Rui Viana Pereira, 17/07/2015

Nem um centavo dos empréstimos da Troika foi aplicado em serviços sociais, em investimentos públicos ou em qualquer outra coisa que não seja o resgate dos bancos e os negócios privados. Várias iniciativas cidadãs indiciaram o carácter ilegítimo, ilegal, odioso e insustentável das dívidas públicas contraídas sob pressão dos poderes públicos europeus e do FMI. Esses indícios foram confirmados pelo Relatório preliminar da auditoria grega, que demonstrou o carácter ilegítimo e insustentável dos empréstimos da Troika à Grécia.

Para pagar a dívida e como condição dos empréstimos, é destruída a capacidade produtiva de um país, espezinham-se direitos humanos, colocam-se no desemprego milhões de trabalhadores; quase metade da população é atirada abaixo do limiar de pobreza, retiram-se às populações serviços essenciais de transporte colectivo, saúde, educação, cultura e habitação; a soberania do povo grego é reduzida ao grau zero, os seus representantes são humilhados e chantageados, os recursos naturais e colectivos são pilhados.

Uma rápida leitura dos tratados internacionais sobre direitos humanos, económicos e sociais dos povos, bem como sobre as responsabilidades do Estado face às populações que o integram, mostra que os acordos negociados com a Troika são ilegítimos: não só foram extorquidos sob ameaça ou chantagem, como impuseram condições que prejudicam interesses essenciais das populações.

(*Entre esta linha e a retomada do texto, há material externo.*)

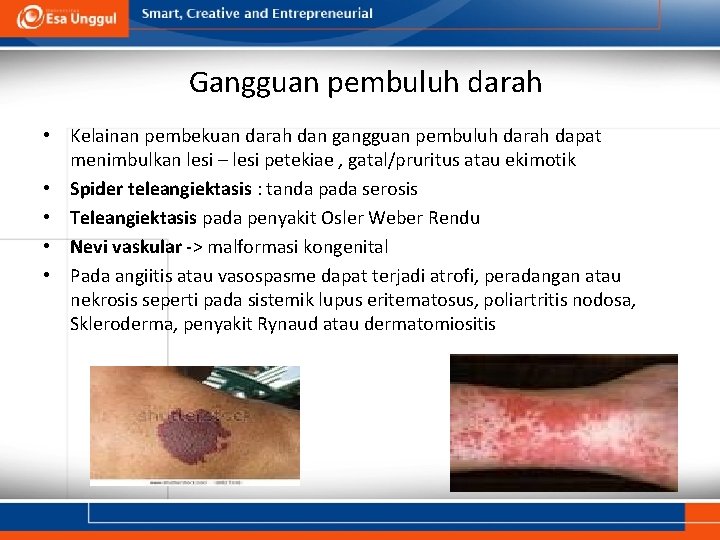 Gangguan pembuluh darah • Kelainan pembekuan darah dan gangguan pembuluh darah dapat menimbulkan lesi
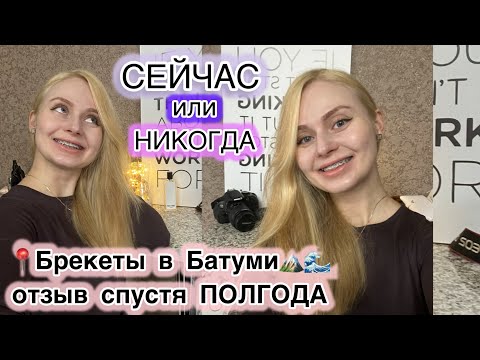Видео: Стоматолог с БРЕКЕТАМИ. 😬Промежуточный результат спустя полгода.Батуми.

À luz do direito internacional, os memorandos da Troika e as dívidas deles decorrentes devem ser declarados nulos e ilegítimos. Eis um breve exemplo do que nos diz a jurisprudência internacional:

«A Conferência das Nações Unidas sobre o Direito dos Tratados […] condena solenemente o recurso à ameaça ou o emprego de todas as formas de pressão, militar, política ou económica, venha ela de que Estado vier, com vista a forçar outro Estado a cumprir qualquer acto ligado à conclusão de um tratado, violando os princípios da igualdade soberana dos Estados e da liberdade de consentimento.» (Artigo 49.º, Capítulo II, comentado pela comissão plenária do projecto de artigos sobre o Direito dos Tratados, p. 187, http://legal.un.org/diplomaticconferences/lawoftreaties-1969/vol/french/confdocs.pdf )

Entretanto quase toda a social-democracia europeia grita por uma reestruturação da dívida grega. Por paradoxal que pareça, o berreiro recrudesce no preciso momento em que o caso grego prova à saciedade que uma reestruturação da dívida, se for negociada nos termos impostos pelos credores, apenas pode ter um resultado: o agravamento da austeridade, do descalabro económico interno e da pilhagem dos recursos colectivos. Toda a América Latina o sabia por experiência já há muitos anos – e agora também os povos europeus.

Vemo-nos assim perante um dilema da maior clareza:

Dizer não à suspensão do reembolso da dívida, ou dizer não ao repúdio da dívida ilegítima, implica objectivamente dizer sim à suspensão da justiça; significa deitar por terra tudo o que, após o holocausto da II Guerra Mundial, a comunidade internacional conseguiu acordar como níveis mínimos de dignidade e respeito recíproco dos povos.

Não é possível ir negociar com os representantes dos gigantes financeiros (a Troika, o Eurogrupo ou outros equivalentes), sem tomar decisões unilaterais de força, visando defender os direitos humanos e dos povos europeus.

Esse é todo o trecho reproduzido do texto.